C’est la crainte du président de DEI (Défense des enfants International), le Belge Benoît Van Keirsbilck, qui avait adressé une lettre ouverte au gouvernement et au Parlement, faisant part de sa « plus grande inquiétude au sujet des conditions mises à la ratification » du protocole. Les déclarations envisagées, « à première analyse, vident en grande partie le protocole de son effectivité », s’est alarmé le président de DEI. Ainsi, selon l’étude d’impact, la France considère que le comité de l’ONU peut recevoir et examiner des communications résultant de faits ou décisions « postérieurs à la date d’entrée en vigueur » du protocole. Par ailleurs, l’Etat français interprète la notion d’« épuisement des voies de recours internes », critère pour engager une réclamation devant le comité onusien, au sens de l’épuisement des procédures dans lesquelles « l’enfant a été entendu ou représenté pour assurer la défense de son intérêt », ce qui exclurait un certain nombre de procédures. Ces conditions « limitent indûment les possibilités de saisir le Comité des droits de l’enfant », a souligné le président de Défense des enfants International.

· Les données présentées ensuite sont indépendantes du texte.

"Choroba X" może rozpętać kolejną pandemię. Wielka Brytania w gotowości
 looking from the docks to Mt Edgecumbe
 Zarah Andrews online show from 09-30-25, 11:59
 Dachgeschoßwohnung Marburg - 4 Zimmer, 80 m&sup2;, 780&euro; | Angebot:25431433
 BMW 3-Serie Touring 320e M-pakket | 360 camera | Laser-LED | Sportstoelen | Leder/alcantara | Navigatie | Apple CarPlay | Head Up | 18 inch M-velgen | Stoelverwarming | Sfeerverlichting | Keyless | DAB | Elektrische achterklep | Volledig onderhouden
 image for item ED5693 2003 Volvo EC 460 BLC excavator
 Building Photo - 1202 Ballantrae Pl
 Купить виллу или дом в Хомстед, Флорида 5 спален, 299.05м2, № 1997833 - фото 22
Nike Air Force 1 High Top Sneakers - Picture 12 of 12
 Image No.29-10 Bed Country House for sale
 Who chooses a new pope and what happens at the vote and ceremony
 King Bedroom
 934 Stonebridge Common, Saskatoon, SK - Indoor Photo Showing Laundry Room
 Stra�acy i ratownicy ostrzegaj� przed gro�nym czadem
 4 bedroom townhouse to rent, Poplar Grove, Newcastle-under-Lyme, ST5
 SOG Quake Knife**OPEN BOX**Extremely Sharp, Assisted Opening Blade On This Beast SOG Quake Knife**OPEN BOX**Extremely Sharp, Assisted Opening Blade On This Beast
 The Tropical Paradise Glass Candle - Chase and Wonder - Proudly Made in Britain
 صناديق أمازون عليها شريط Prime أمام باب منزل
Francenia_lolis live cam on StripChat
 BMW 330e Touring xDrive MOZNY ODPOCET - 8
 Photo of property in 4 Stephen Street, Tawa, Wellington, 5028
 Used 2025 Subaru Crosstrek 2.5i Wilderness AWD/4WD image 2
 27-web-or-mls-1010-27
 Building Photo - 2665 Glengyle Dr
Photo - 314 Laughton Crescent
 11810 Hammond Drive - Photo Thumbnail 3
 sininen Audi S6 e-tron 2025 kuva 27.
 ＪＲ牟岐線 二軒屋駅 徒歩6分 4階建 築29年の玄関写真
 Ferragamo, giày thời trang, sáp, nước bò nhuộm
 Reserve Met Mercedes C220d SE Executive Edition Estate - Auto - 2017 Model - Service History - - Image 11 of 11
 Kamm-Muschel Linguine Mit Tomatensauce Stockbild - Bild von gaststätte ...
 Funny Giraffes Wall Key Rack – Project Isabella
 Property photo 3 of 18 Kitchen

Mais l’ONG est, bien plus encore, préoccupée par la « portée reconnue aux décisions du comité ». Selon l’étude d’impact toujours, le protocole « ne peut être interprété comme impliquant une obligation pour l’Etat partie intéressé d’accéder à la demande du Comité tendant à ce qu’il prenne des mesures provisoires », avant l’examen au fond de la plainte. DEI rappelle pourtant que « les recommandations, observations ou décisions du Comité doivent être considérées comme ayant force obligatoire pour les Etats parties » et estime que la position française « semble trahir une approche frileuse et particulièrement peu ambitieuse pour sa jeunesse ». DEI-France a expressément demandé aux sénateurs de déposer des amendements au projet de loi, afin de préciser que la ratification est autorisée « sans aucune déclaration ni réserve ». Toute interprétation restrictive du protocole aurait « immanquablement un effet désastreux et notre pays, après avoir traîné trois ans pour se décider à ratifier, se discréditerait gravement aux yeux de la communauté internationale », a alerté l’association.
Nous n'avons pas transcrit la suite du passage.